DH & I have both noticed that he is more able to keep up with the flow of conversations at the dinner table.
I hope the surgery goes well & that you're soon enjoying better hearing.
YANBU. DD is profoundly Deaf, yet is very Deaf unaware still - turns away mid conversation etc when she doesn't have her implant on so cannot see me signing, then complains I did not finish talking to her.
Re BAHAs - the people I have known with them have had excellent results. Best of luck with it.
Message withdrawn at poster's request.
DS2 has hearing aids (digi) and has Elmo charms on them. He hasn't been offered a cochlear implant and if he had when he was younger I wouldn't have said yes as I think it is his decision to make and not mine.........
PS You willl need devise certain 'strategies' for communcating with someone who can't hear well, assuming that are already doing their 'bit' ie that they are WEARING their HAs.
One of my 'rules' is that I REFUSE to shout. (Unless in an emergency!) I have a very weak voice and this would just hurt me if I did it a lot. So I have never gone down the route of shouting.
I think a lot of people end up shouting (eg to deaf, old folks) but I find it quite rude/embarrassing and not very helpful.
Much better to get their attention (somehow) 1st, and then speak face to face. Mostly this means you have to find/get close to them. (Or they they have to find/approach you.) Speaking slowly and clearly to their face means they have more chance to hear you better. I can never attempt to communciate with my DH over a long distance esp if there's wind or any other noise going on.

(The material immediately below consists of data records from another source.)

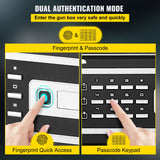 VEVOR Safe Box, 2.1 CU.FT Fingerprint Safe Box for Money w/ 2 Keys & Digital Keypad, Q235 Steel Safe Box for Storing Cash, Jewelry, Pistols, Documents, Watches in Home & Office & Hotel - Front View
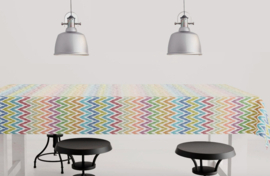 Gecoat tafellinnen/tafelkleed digitaal geprint - Zipp color line
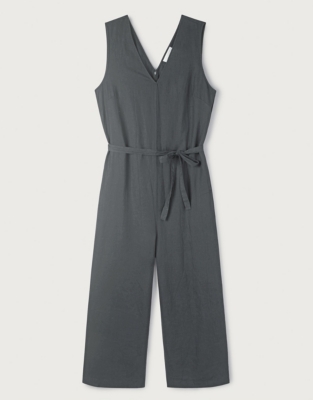 Easy Linen V-neck Jumpsuit | Clothing Sale | The White Company UK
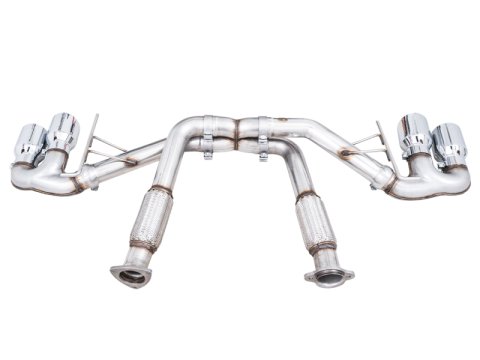 AWE Tuning 2020 Chevrolet Corvette (C8) Track Edition Exhaust - Quad Chrome Silver Tips thumbnail 8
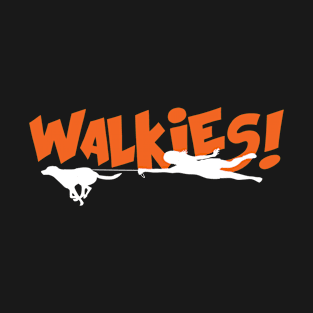 Walkies Dog Mom (Orange) T-Shirt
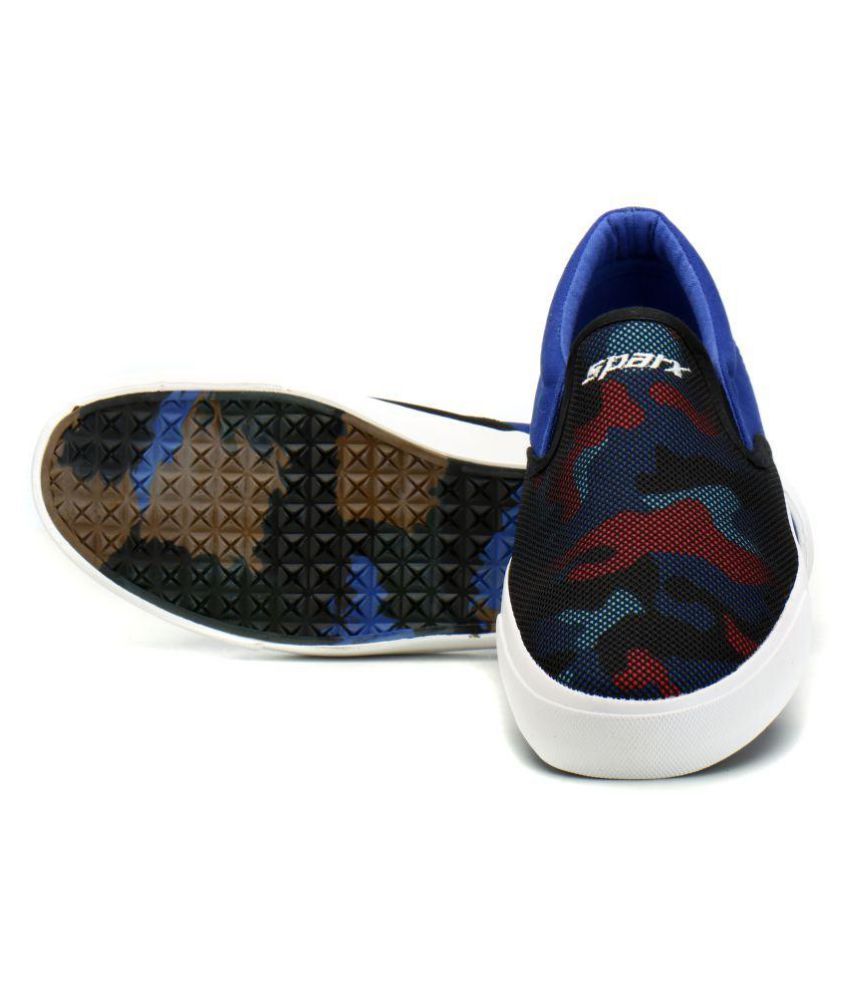 sparx men's mesh loafers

Another tactic is to start speaking, then pause ... to see if you have the person's full attention ... so you won't have to repeat the WHOLE story over again! (Which is very annoying.) So I wait for eye contact before I continue.
And for TV, you can get special devises (wireless lightweight headsets) for the hard of hearing, which means the rest of you don't have to have the TV on full volume.
As with most disabilities, having the money to buy the best aids is really very useful. (So hope that's not a problem for you.)
FYI, HAs are advancing at a very quick pace and our son (now a young working adult) has got tiny inside-the-ear-canal HAs which are very discreet & very powerful. (Also very expensive!) They are pre-programmed by the audiologst for his hearing loss, then they 'learn' what sounds are most common for his environment and adapt their functions accordingly, (somehow) to 'cope' with the varying levels of sound he is exposed to. (This is to protect the ears from sudden loud noises while allowing for more amplification in quiet situations.)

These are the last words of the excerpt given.